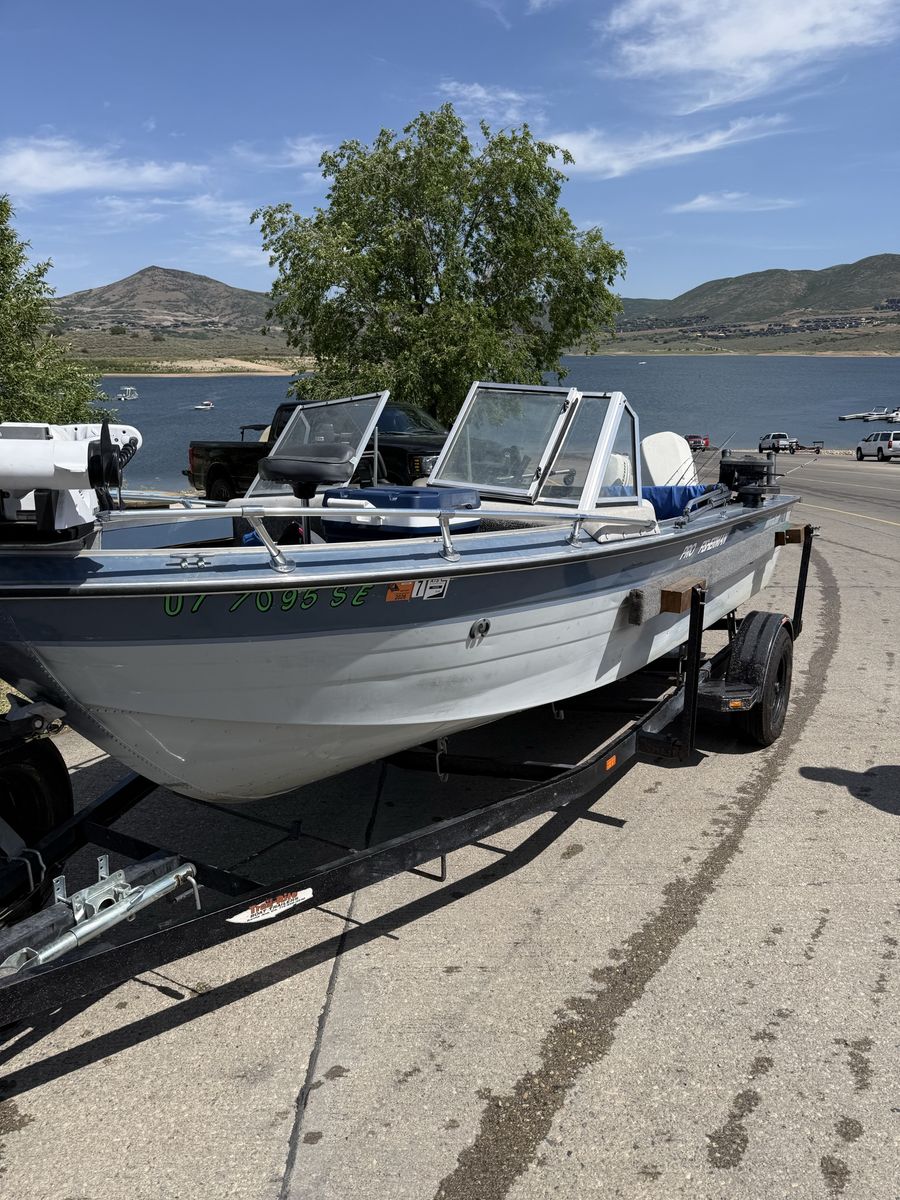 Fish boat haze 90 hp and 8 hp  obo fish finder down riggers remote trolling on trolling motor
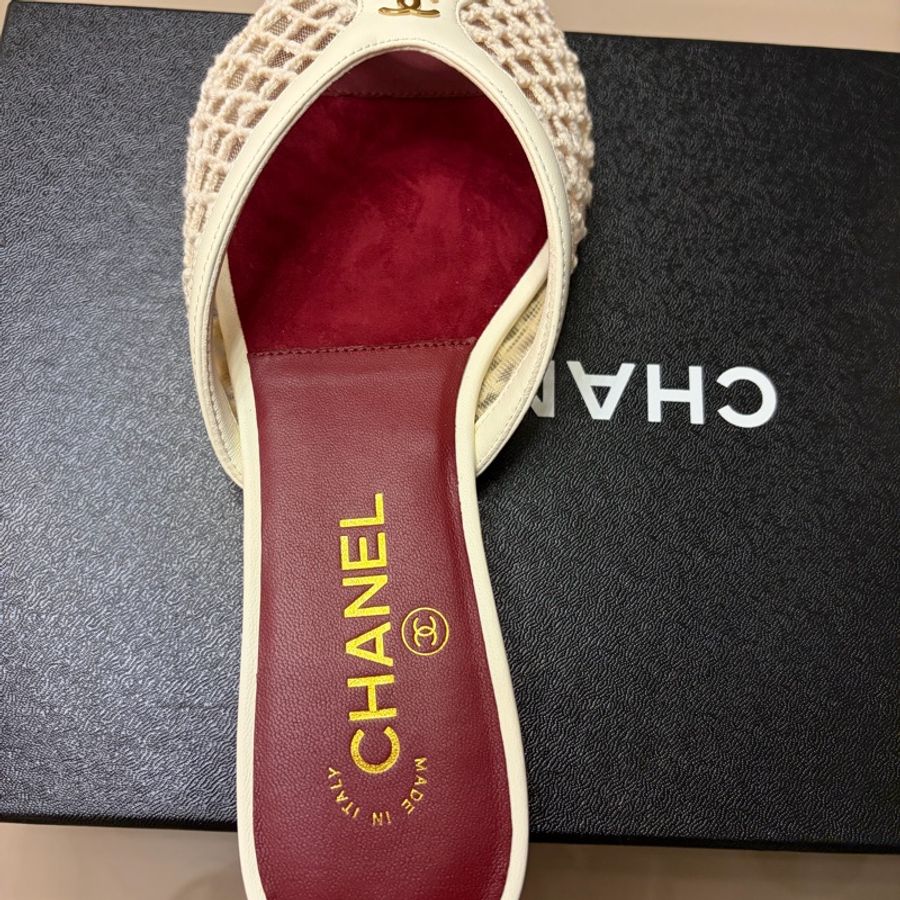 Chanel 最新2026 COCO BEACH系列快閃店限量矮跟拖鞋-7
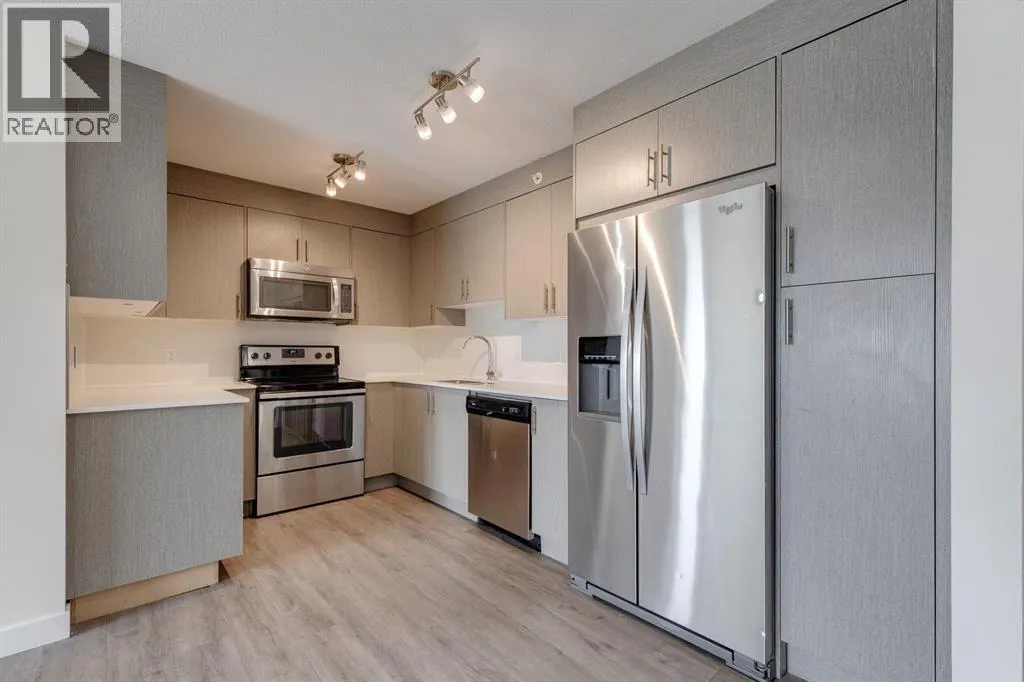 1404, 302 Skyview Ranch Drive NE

- WORK REQUEST -
The data above must be written out again without alteration, and the pictures in them must be excluded.

- FINISHED EXERCISE -
 Fish boat haze 90 hp and 8 hp  obo fish finder down riggers remote trolling on trolling motor
 Chanel 最新2026 COCO BEACH系列快閃店限量矮跟拖鞋-7
 1404, 302 Skyview Ranch Drive NE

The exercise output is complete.